Trimmed for brevity.

Funny you should say that......one of my first insurance jobs was a fine looking White Oak about 60' tall and 36" DBH that decided to lean onto a house on a calm late spring day. It ended up about 35 to 40 degrees from vertical with its weight supported by hundreds of branches pressing against the roof. This tree was in full leaf and I would have been happy to rig BIG wood out of it the day before. It failed about 3' below grade on the uphill side, and a foot below on the downhill side. No roots were visible. Ground sloped away from the house.
It was fun climbing up that tree after setting up guy lines. Cut a few small limbs, check tension on guy lines. Repeat....repeat.....repeat. No big rigging, had to keep the whole thing in balance. Hardly any rot was noted in the tree during removal. The rot was invisible...... below the ground.


----------



## sgreanbeans (Feb 14, 2014)

https://www.facebook.com/qctree/photos/pb.134058976615762.-2207520000.1392379171./142196612468665/?type=3&src=https://scontent-b-ord.xx.fbcdn.net/hphotos-prn1/t1/40058_142196612468665_6972555_n.jpg&size=540,720&fbid=142196612468665

Same with this one. Root rot. Lady was in bathroom about 10 seconds before it came over. If she stayed in front of the mirror, she would be dead. Branch came thru the roof and all the way down into the bathroom.
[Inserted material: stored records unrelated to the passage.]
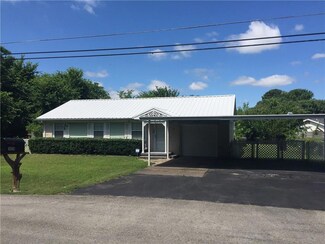 1429 Prater St, Dallas, TX 75217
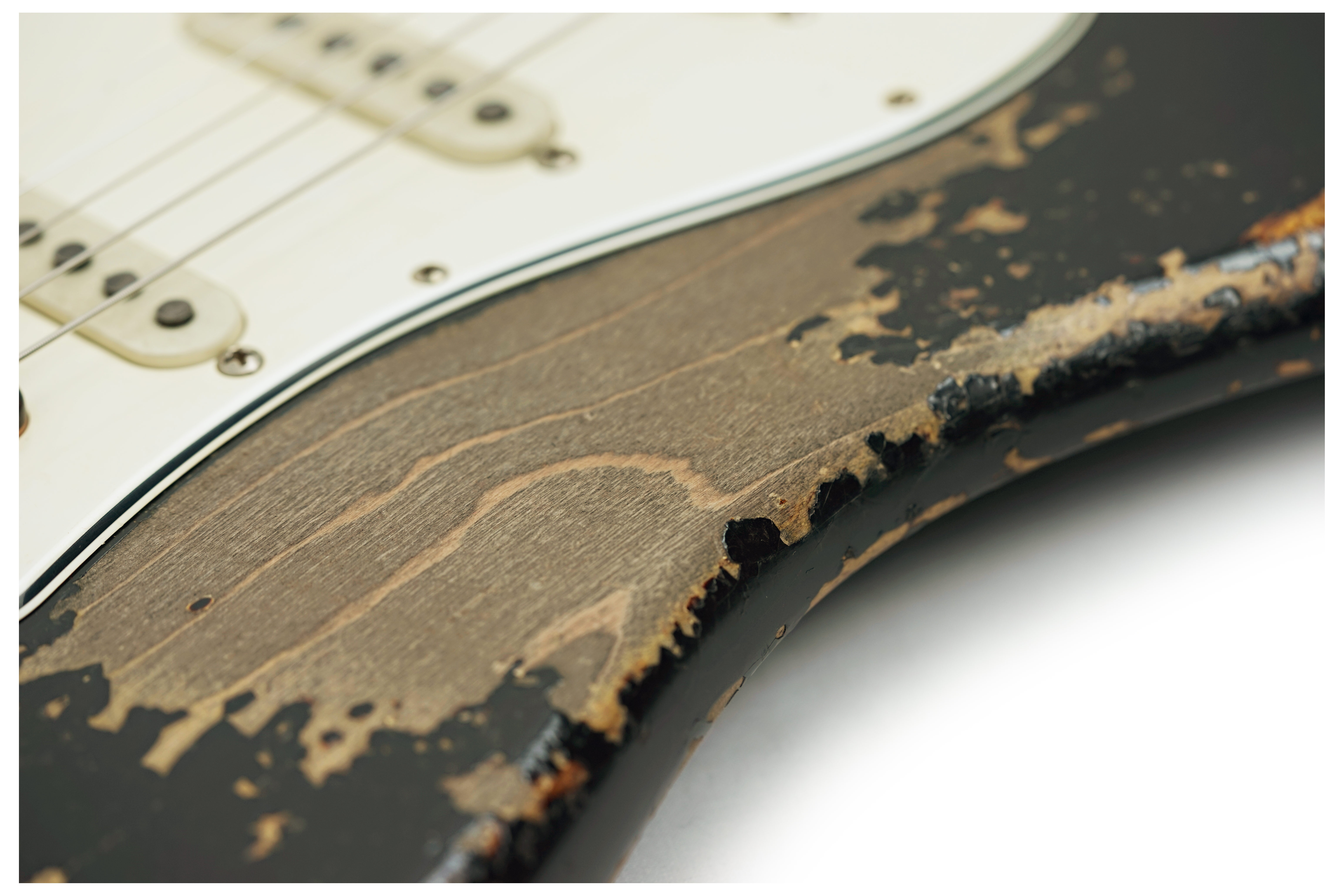 Fender Custom Shop 1961 Stratocaster Heavy Relic Black over 3 Tone Sunburst Rosewood Fingerboard Masterbuilt by Dale Wilson #CZ587143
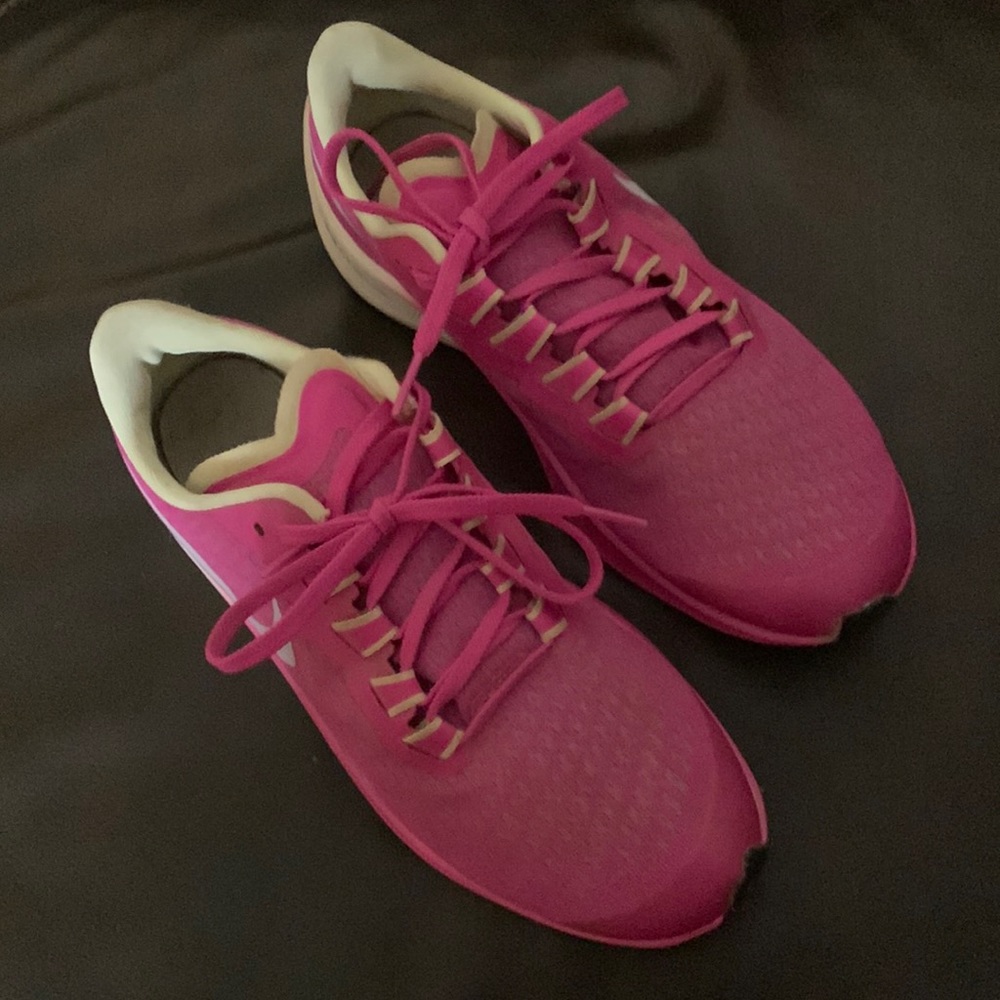 Nike Pegasus women 7 1/2 girls 6. Like new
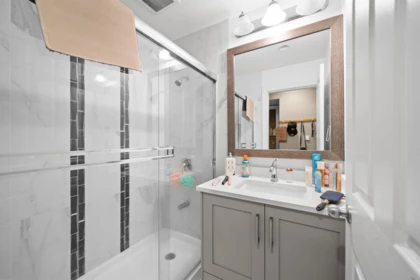 Primary Bathroom Photo of 275 Forrest Crescent, Hope, BC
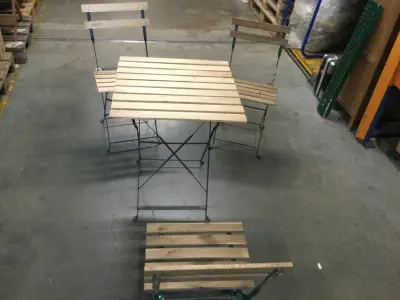 Bistrostel bestaande uit 3 stoelen, 1 tafeltje ED, groen/lichtbruin – kavel bij Onlineveilingmeester, Zutphen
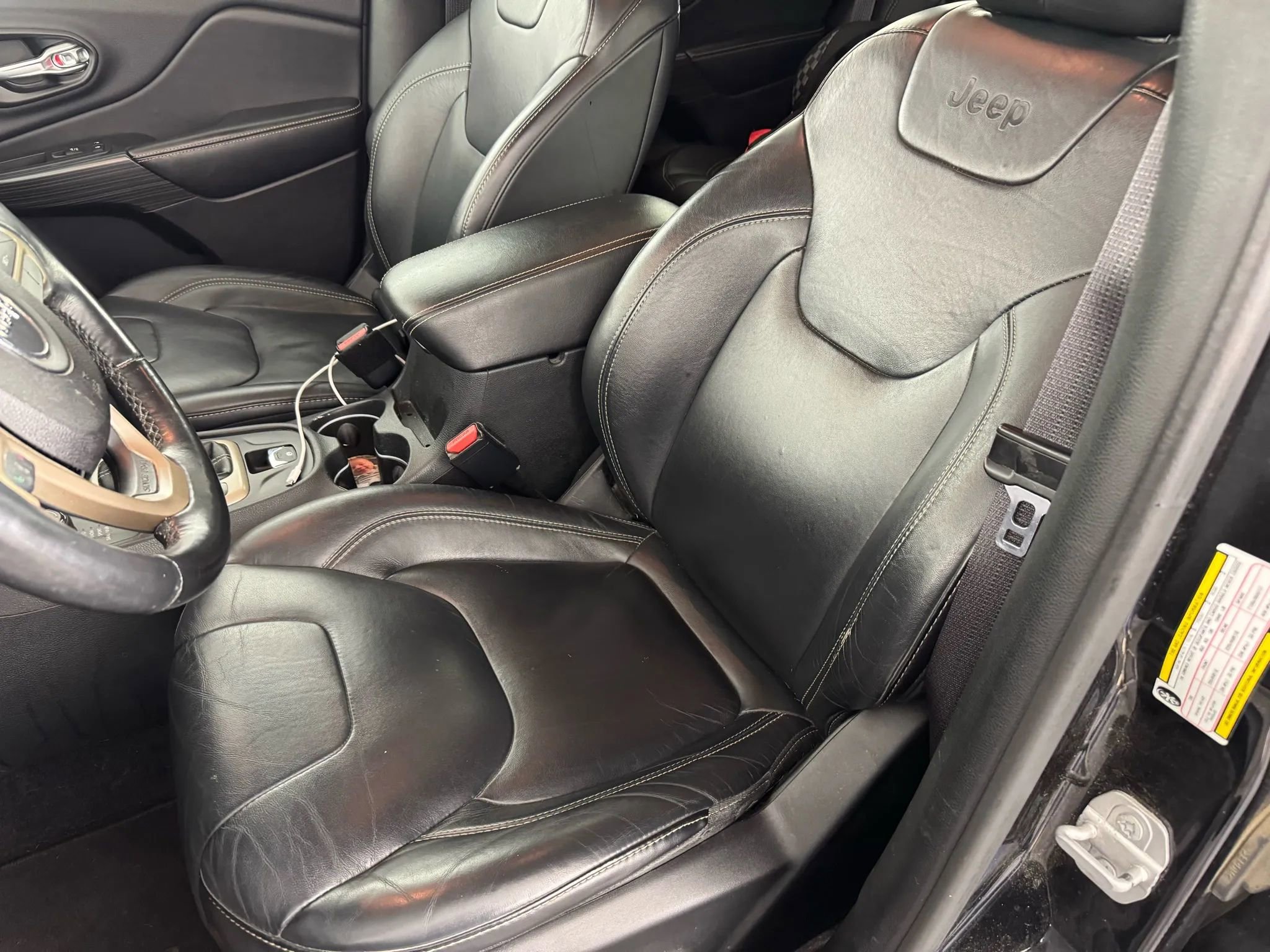 Used 2016 Jeep Cherokee Limited AWD/4WD image 31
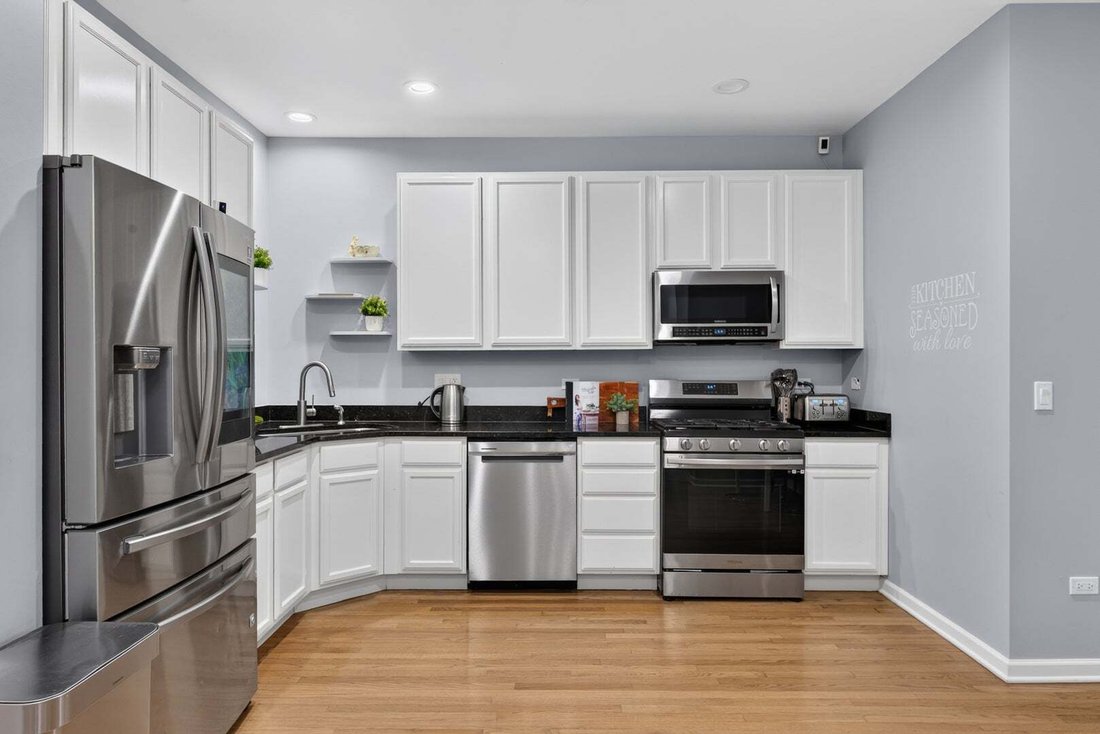 Townhouse in Roselle, Illinois, United States 3 - 18592458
Would have spiked her to the floor. That house is on the national historic registry. Copper gutters. 100g's in damage.


----------



## pro94lt (Feb 14, 2014)

I bet most of us got comfortable by throwing a high price out thinking they wouldn't hire you only to be asked when can you start...


----------



## Str8six (Feb 15, 2014)

I have seen a lot of white oaks around my area that are totally rotten underground but look totally healthy above. I cleaned one up at my grandfathers last year. It was in the middle of a flat hay pasture, no wet ground storm or anything.


----------



## VA-Sawyer (Feb 16, 2014)

One thing I can still remember about that tree.......asking myself why it went over on that fairly calm day, and not during the blow we had the previous week. I never found an answer.
Can roots really rot that fast?


----------



## sgreanbeans (Feb 17, 2014)

Not sure it is a case of them rotting that fast, but getting to the point to where they can no longer hold. The wind may have still been the final blow, by working the root tips back and forth. Little by little, loosing their "grip" in the soil. That one I posted, was a perfect day, sunny, warm, no wind.


----------



## Charlie Stone (Feb 17, 2014)

Don't look down


----------



## yoyoman (Feb 20, 2014)

Pelorus said:


> I'm hoping that some of the advice you get will also work for getting comfortable up high in an airplane.
> I'm a gutted quivering human wreck in a plane. More flights and less Mayday episodes on TV would help, just like more time in a tree would/will benefit you.


Hey Dave, let's going flying sometime, I'll let you take the controls as long as you want.


----------



## yoyoman (Feb 20, 2014)

Holden said:


> Sometimes i feel i dont climb high enough cause nerves start to set in on certain trees.
> Is there anyway to get more used to being way up in the tree ?


Get a tree boat or portaledge and sleep up there, wake up in the morning and look over the edge and dose back off to sleep again.


----------



## miko0618 (Feb 21, 2014)

giving examples of healthy trees falling doesn't really prove anything. that's the risk. it is like any other risk. you drive to work every day no issues. one day you hit a deer and it comes through the windshield and kills you. for the most part, any visibly healthy tree is wouldn't fail from a truck trying to pull it over. in fact, most visibly sick trees wouldn't fail from a truck pulling on it. when I get nervous I think about how strong a tree actually is. I've dropped some tall pine stems and watched them smash through padding logs on the ground. the amount of force it must take to break even a 12" log must be incredible. so theres no way I could break it with my weight. if you want to prove to yourself how much a tree can hold, set a block in a normal tie in and at the base. run a rigging line to your truck and to something really heavy. a log works good. you'll be able to lift 1000 lbs through a 2-1 making a ton on the crotch. we've loaded logs into a dump this way that's how I know this strange information  i personally like to tie in my final point from that location. i know it sucks goin all the way up to do it but i get to inspect the whole situation. because of it i can 100% trust my tie in. i think you have to to have fun up there. i take some big swings!


----------



## szajer (Feb 21, 2014)

When I first started climbing, my employer put me in the biggest— 120' and near 200 year old white oaks. Everything after that seemed small. Never had a hard time with heights, but climbing ladders and being on pitched roofs? That gets me nervous.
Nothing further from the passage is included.